McGahn’s testimony to special counsel Robert S. Mueller III provided the basis for the report’s conclusions on some of Trump’s worst obstruction of justice efforts, and Democrats hope he can shed more light on them. A major confrontation looks all but inevitable.
So the White House is justifying its maximal resistance with a broadened set of claims. These are set forth in a newly released letter that White House lawyer Emmet Flood sent to the Justice Department, complaining bitterly about Mueller’s investigation.
Because the Mueller report disclosed his conclusion that he could not conclusively determine that Trump hadn’t committed criminal obstruction of justice, the letter argues, the investigation is hopelessly tainted.
What’s more, it argues, Trump fully cooperated with that tainted investigation. But now that it’s over, he retains the right to exercise executive privilege to prevent his advisers from testifying to Congress — that is, to resist all efforts to further flesh out Mueller’s conclusions.

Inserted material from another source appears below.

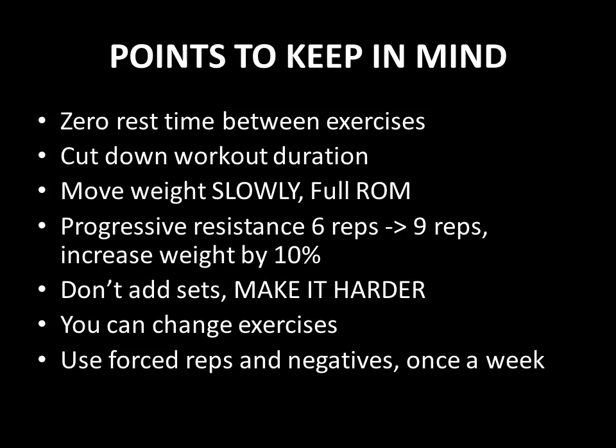Another point he makes is the importance of cutting down the workout duration. It has to be all about increasing the intensity during the workouts gradually, so cutting down workout duration over time is of high importance. He also recommends not pulling and jerking on the weight — instead, moving the weight slowly and performing the exercise with a full range of motion.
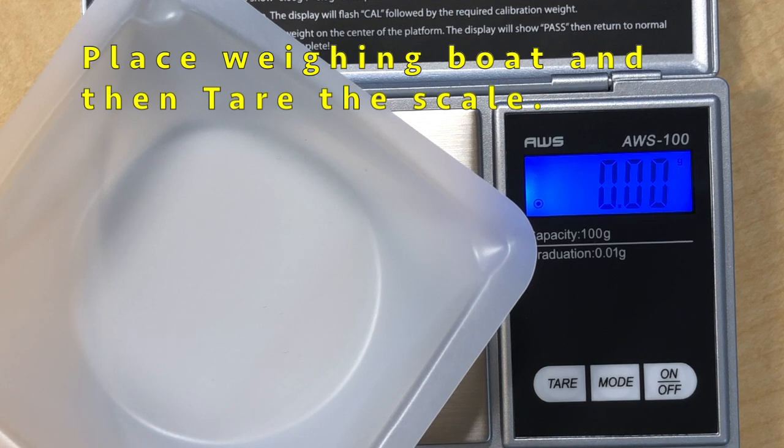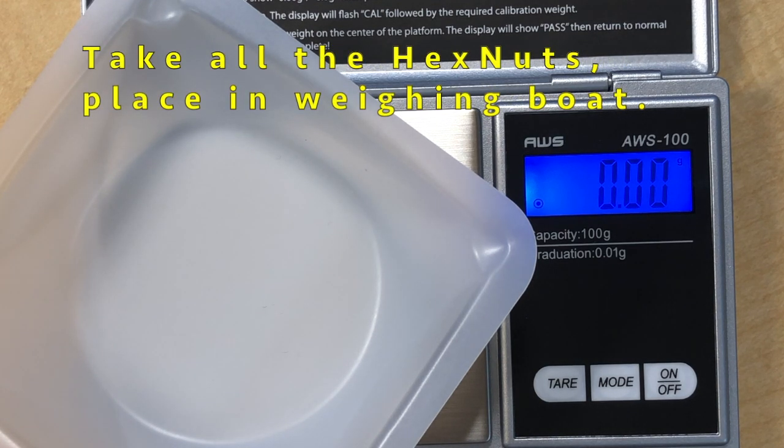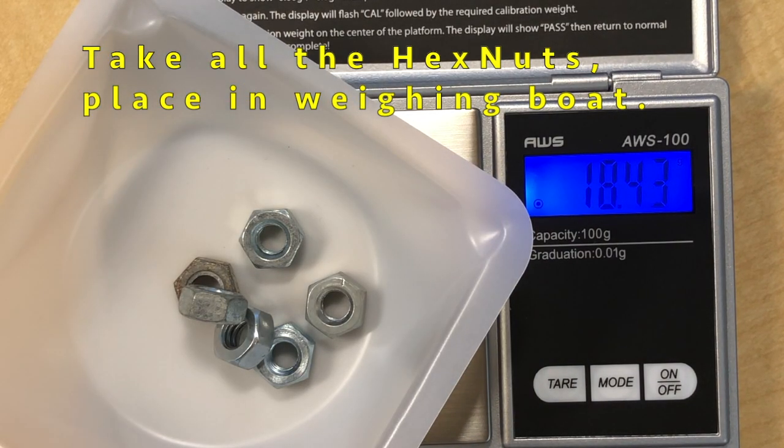Take all the nuts from your packet, place them on the weighing bolt, and record the total mass.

The argument is ludicrous but revealing. It shows in a roundabout way that Trump’s real position is that he should be beyond the reach of accountability entirely.
The new White House argument
Flood’s letter takes issue with the Mueller report’s declaration that he could not reach the judgment that Trump didn’t commit obstruction of justice. Mueller said if he could have reached that judgment, he would have, adding: “While this report does not conclude that the President committed a crime, it also does not exonerate him.”
Flood argues that this violated basic prosecutorial tenets, because prosecutors are either supposed to bring charges or decline to do so. If they decline, that’s supposed to be the end of the matter. By saying Trump is not exonerated, Mueller strayed beyond prosecutorial boundaries, into the “political.”
But importantly, Flood’s letter doesn’t address why Mueller stated that he couldn’t exonerate Trump.
As you’ll recall, Mueller clearly stated that his team accepted the Office of Legal Counsel’s opinion declaring that a sitting president cannot be indicted. Thus, they didn’t explicitly state Trump had committed crimes, because — without an indictment and a trial — Trump would not have been able to defend himself.
Mueller also laid out extensive evidence of criminal obstruction. But, because Mueller did not think he had the jurisdiction to indict — which constrained him from declaring outright that Trump committed crimes — Mueller declined to render that judgment, which he felt required him to also reveal that this didn’t mean Trump hadn’t committed crimes.
By arguing that Mueller should not have even revealed that, without addressing why Mueller did so, Flood is creating an absurdity: Mueller could not say Trump committed crimes, because that would have been unfair to him, but Mueller also could not say Trump hasn’t been cleared or reveal the evidence of what he did do.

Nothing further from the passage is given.